Once the pictures are set aside, reproduce all of the records exactly.

Scraped caption text data
-- Opening Marker --
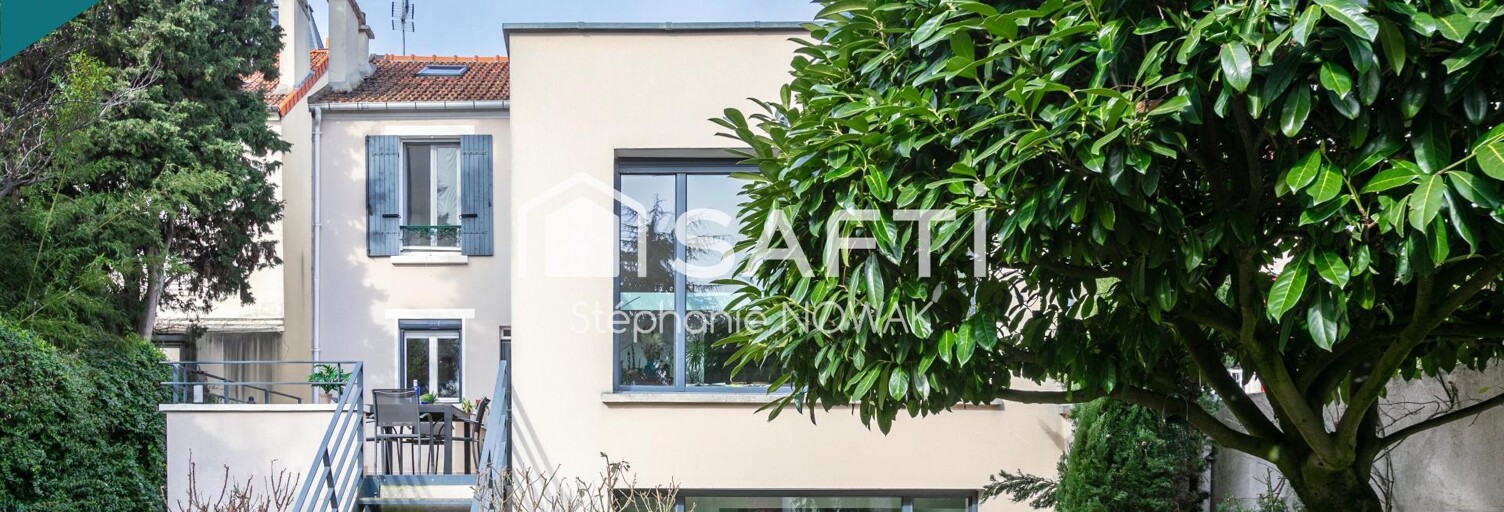 Maison 10 Pièces 291 m² à vendre à Nanterre (92000)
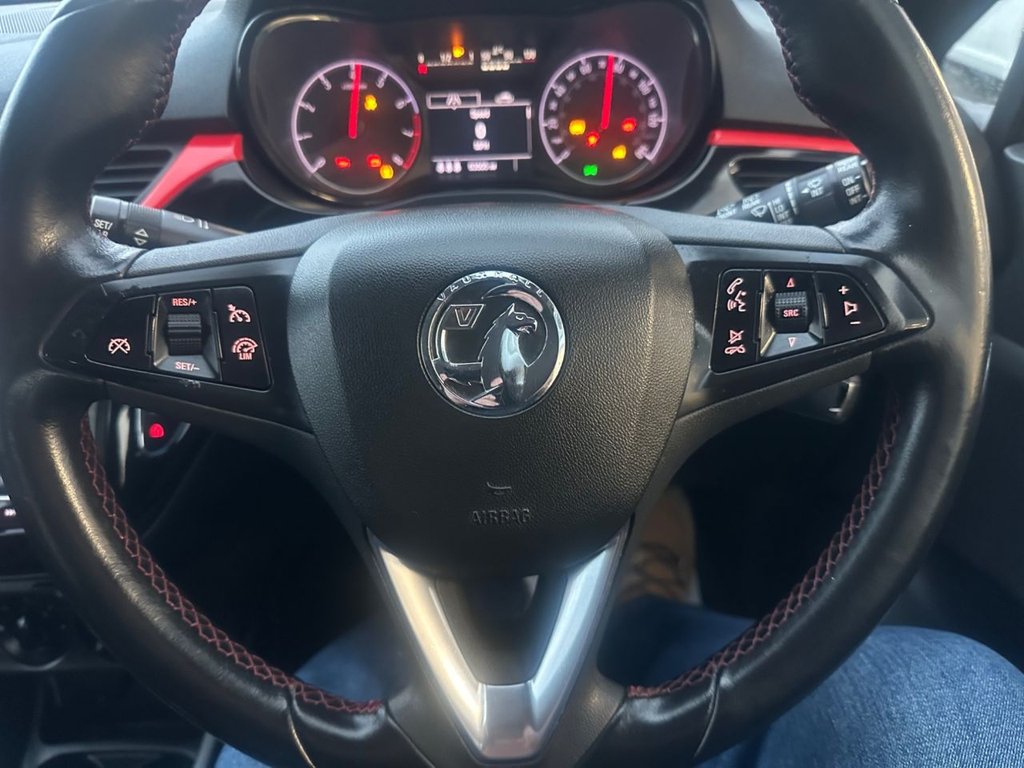 Used Vauxhall Corsa 2016 for sale - 76751281: Photo 17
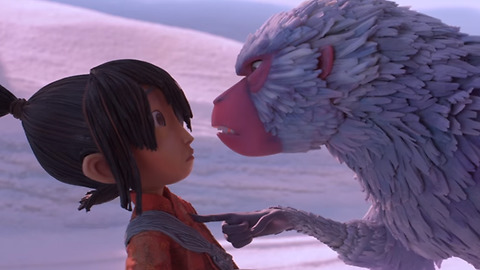 Kubo and the Two Strings Full Movie Bluray English Sub Dual Audio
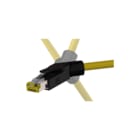 Harting - RJ Industrial Modulaire connector 45Gr Angled 8-Pole Rj45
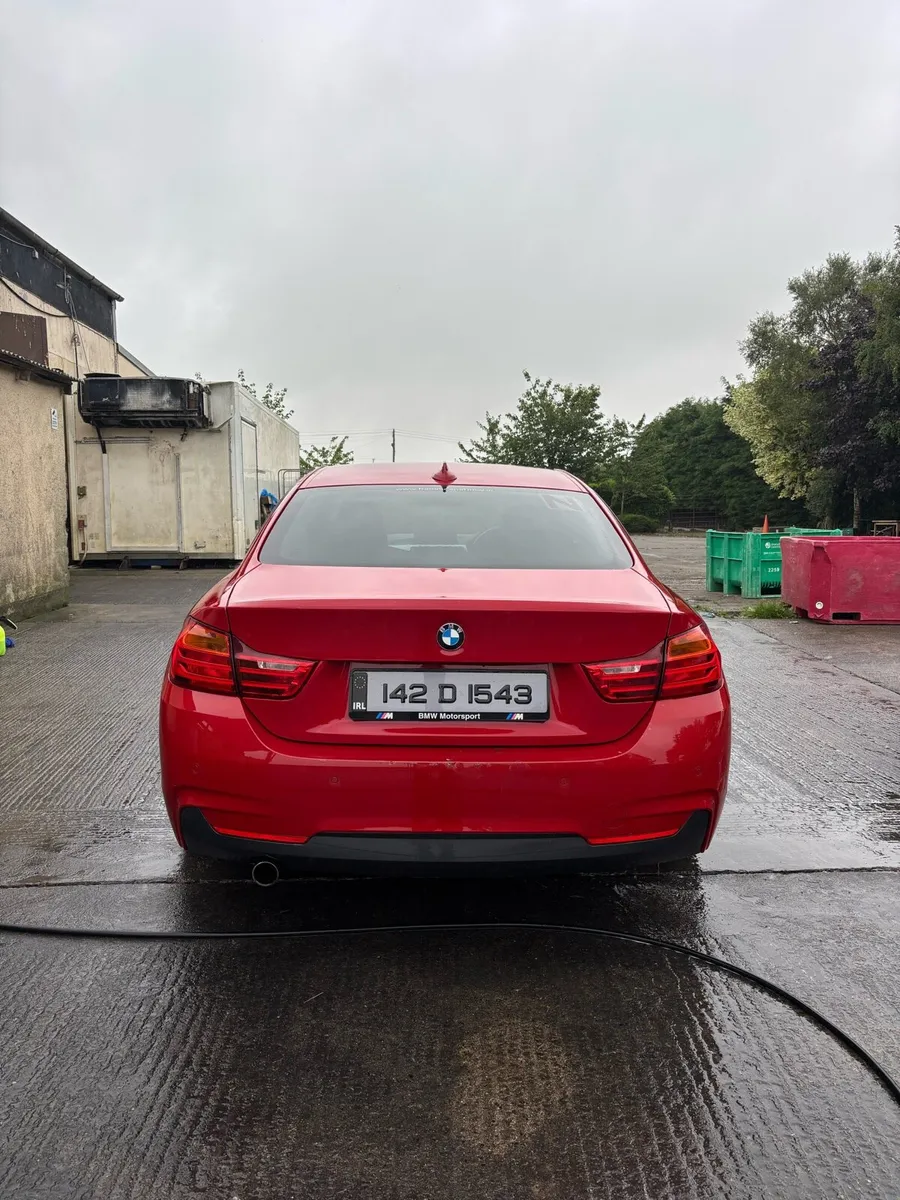 BMW 420d m-sport - Image 2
-- Closing Marker --
▶ **Reply**
 Maison 10 Pièces 291 m² à vendre à Nanterre (92000)
 Used Vauxhall Corsa 2016 for sale - 76751281: Photo 17
 Kubo and the Two Strings Full Movie Bluray English Sub Dual Audio
 Harting - RJ Industrial Modulaire connector 45Gr Angled 8-Pole Rj45
 BMW 420d m-sport - Image 2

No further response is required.